WHAT THE TASK REQUIRES: For this exercise, write out only the lines of the entries below from the one with "KIA cee'd III, 2012" up to and including the one with "Xpe Led Night", exactly as they are. Pictures stay out.

INPUT MATERIAL:

=== Begin Enclosure ===

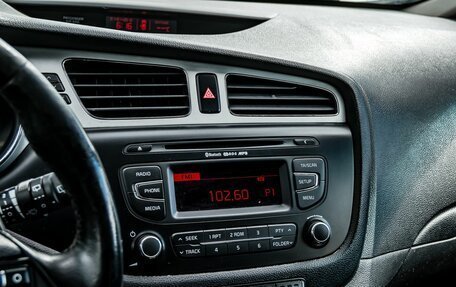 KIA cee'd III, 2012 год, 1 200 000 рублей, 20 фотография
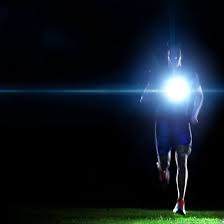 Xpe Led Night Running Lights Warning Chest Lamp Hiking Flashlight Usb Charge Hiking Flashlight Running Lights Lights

=== End Enclosure ===
=== Begin Enclosure ===

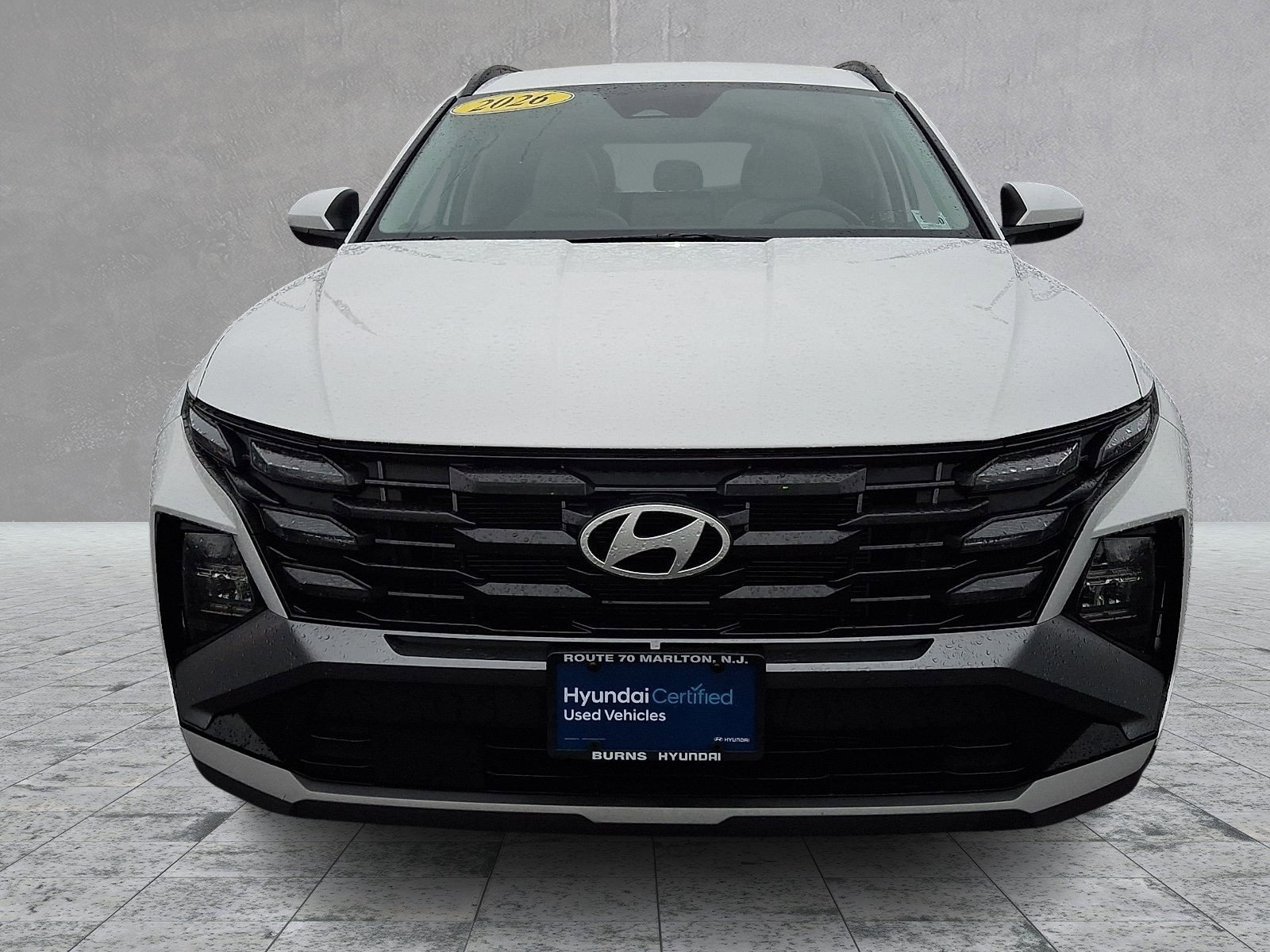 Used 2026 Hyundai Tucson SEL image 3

=== End Enclosure ===

ANSWER FOR THIS EXERCISE:
 KIA cee'd III, 2012 год, 1 200 000 рублей, 20 фотография
 Xpe Led Night Running Lights Warning Chest Lamp Hiking Flashlight Usb Charge Hiking Flashlight Running Lights Lights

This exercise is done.